Gretchen flounced away, and the others melted off into the birch wood that linked the boathouse with the Retreat tennis court. Micah Willis ambled over, hands in his pockets, and stood looking down at us. Mike looked steadily back at him, his finger pressed over the cut in his wrist. I stared down at the dock, watching slow drops of red splatter and dry.
“Know you’re not supposed to be playing that game, don’t you?” Micah said.
“Yes sir.”
“Know what your father said he’d do, next time he caught you doing it.”
“Yes sir.”
“Well, don’t do it again.”
“No sir.”
“And go get Mrs. Chambliss to fix those wrists, both of you.”
Micah turned back toward the boathouse.
“Grandpa, you goin’ to tell?” Mike called after him.
“Reckon not,” his grandfather said, not looking back at us.
“You goin’ to tell on Gretchen?”
“Don’t need to. Just being a Winslow is punishment enough,” he said.
Mike and I began to laugh, there on the dock, with the fog gathering like smoke off in the birches, already whiting out the nearest islands.
“I now pronounce you an honorary Willis,” he said.
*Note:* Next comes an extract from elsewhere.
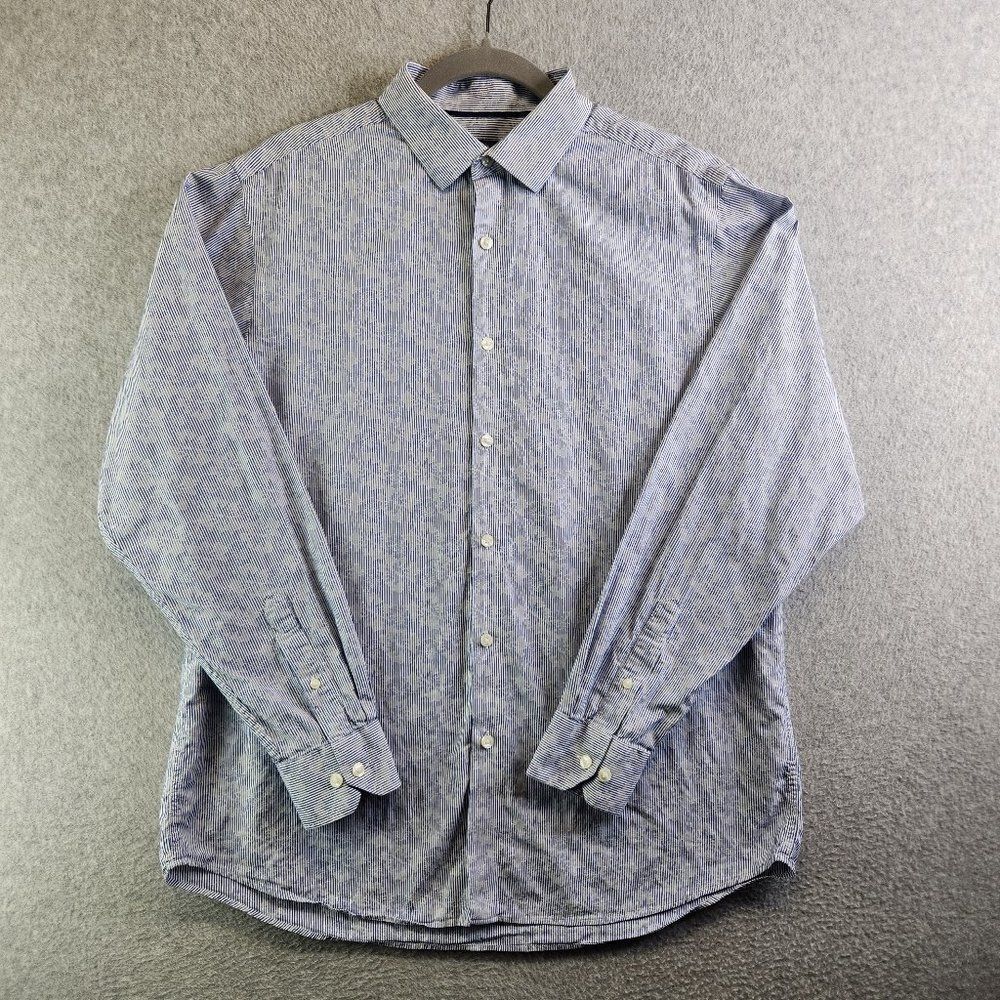 Hart Schaffner Marx Shirt Mens Large Blue Floral Striped Collar Stays Tropical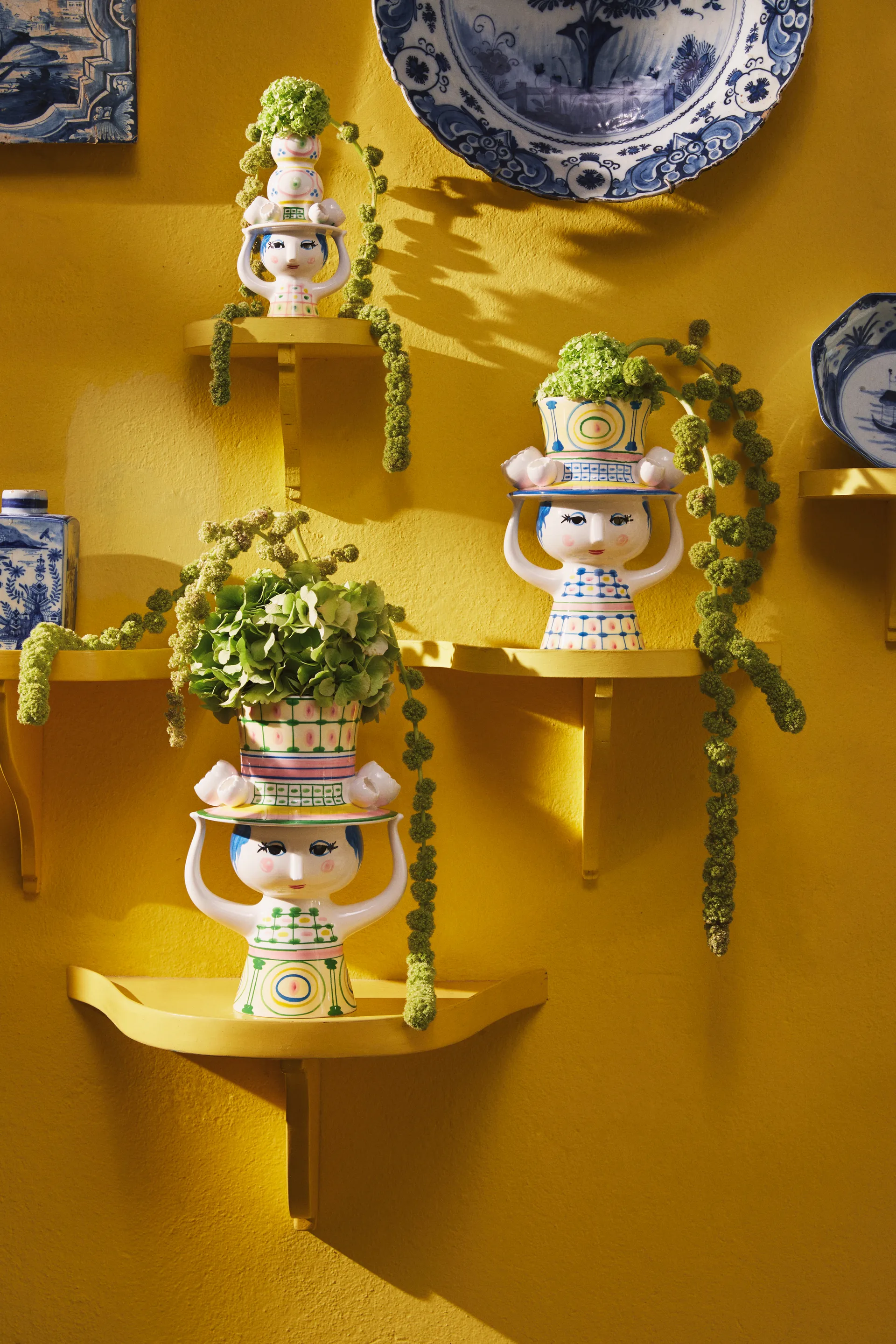 Lady with hat Kerzenständer H16 cm, Rosa Bjørn Wiinblad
After that, in the summers, we were not often apart.
There seemed little change in him for the next few years.
Oh, he went through a relatively trouble-free puberty, growing tall and lanky where he had been square and low to the earth before, the smooth brown of his thin arms and legs sliding into ropy muscle, his round face squaring up and taking on the high planes of his father and grandfather’s faces. And he was moody sometimes where he had been open and cheerful before, vanishing for an afternoon or even a day in his Beetle Cat or on foot into the woods or along the high, wild cliffs beyond the Aerie. But I did not mind; the essential Mike remained, and from early childhood I had done the same thing, spending long, suspended, timeless afternoons just lying on my back in the soft green moss of the birch thicket, staring into the canopy of leaves overhead or dreaming out to sea on the lower cliffs beyond Braebonnie, where, when she had first come to Retreat, my grandmother had tried to rescue a fawn trapped in the rocks of the ledge. Mike’s and my togetherness was the spine in the skeleton of those summers, but our twin needs for solitude were the sinews that supported it.